承元の法難の後、35歳にして京都を離れ、越後の地、居多ヶ浜に流罪された親鸞聖人の見たものは、海でした。42歳で関東に向われるまで7年間日本海の四季折々の穏やかな海、荒れる海を見ながら、阿弥陀さまの底知れない深き慈悲の世界を「海」と表現され、また、私たちの底知れない迷いの煩悩の世界をも「海」と表現されていかれました。

『教行信証』『ご和讃』を調べますと、たくさん「海」という言葉が使われています。下記の『教行信証』総序の御文を始めにして

1、ひそかにおもんみれば、難思の弘誓は難度海を度する大船、無礙の光明は無明の闇を破する恵日なり。
2、徳海 3、真如一実の功徳宝海 4、弥陀の智願海は、深広にして涯底なし(大経引用) 5、三昧海 6、慈悲海 7、誓願海
8、智慧海 9、法門海 10、仏法衆徳海 11、大宝海 12、十方群生海 13、光明の広海 14、(本願・弘誓)一乗海

15、「海」といふは、久遠よりこのかた、凡聖所修の雑修雑善の川水を転じ、逆謗闡提恒沙無明の海水を転じて、本願大悲智慧真実恒沙万徳の大宝海水となる。これを海のごときに喩ふるなり。まことに知んぬ、経に説きて「煩悩の氷解けて功徳の水となる」とのたまへるがごとし。(意味:「海」 というのは、 はかり知れない昔からこれまで、 凡夫や聖者の修めたさまざまな自力の善や、 五逆・謗法・一闡提などの限りない煩悩の水が転じられて、 本願の慈悲と智慧との限りない功徳の海水となることである。 これを海のようであるとたとえる。 これによってまことに知ることができた。 経に 「煩悩の氷が解けて功徳の水となる」 と説かれている通りである。)

16、愚痴海 17、真如海 18、衆水、海に入りて一味なるがごとし
19、生死海 20、衆生海 21、一切群生海、無明海 22、諸有海
23、煩悩海 24、大信心海 25、大信海 26、愛欲の広海
27、利他の信海 28、四海のうちみな兄弟

など、数えればきりがありません。

それほどまでに、海のはたらきを感動をもって見ていられたのでしょう。

海の水が、太陽に熱せられ、水蒸気となって大気となります。その大気が雲となって、山にひとしずくの雨となって降り、それがやがて大きな川の流れとなってまた海に流れ込みます。そのひとしずくの雨が、川の流れの中でどんなに濁り、汚れようとも、海は拒否することなく受け入れ、一味の塩味にして大きな海の流れにとろけ込ませてくれます。

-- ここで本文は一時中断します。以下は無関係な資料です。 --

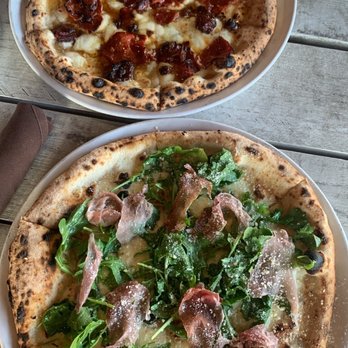Cane Rosso - Honey Bastard & Prosciutto e Rucola - Pizza Near Me - Dallas, Texas Cane Rosso - Honey Bastard & Prosciutto e Rucola - Pizza Near Me - Dallas, Texas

底知れない悩み、迷い、罪業を抱えている人間(群生海・煩悩海)を救うものは、底知れない深い、深いお慈悲をもった教え・阿弥陀さま(本願海・智慧海)でなければならないのです。群生海を包み、そして転換するはたらきそのものが、本願海であるということです。二つの海があるのではありません。
瑞剱先生のおうたに「念仏の堪忍袋なかりせば、何にかは入れん、癇癪の虫」とあります。親鸞聖人の「海」の解釈とともに、私たちの日々の生活の中で味って行きたい尊いおうたです。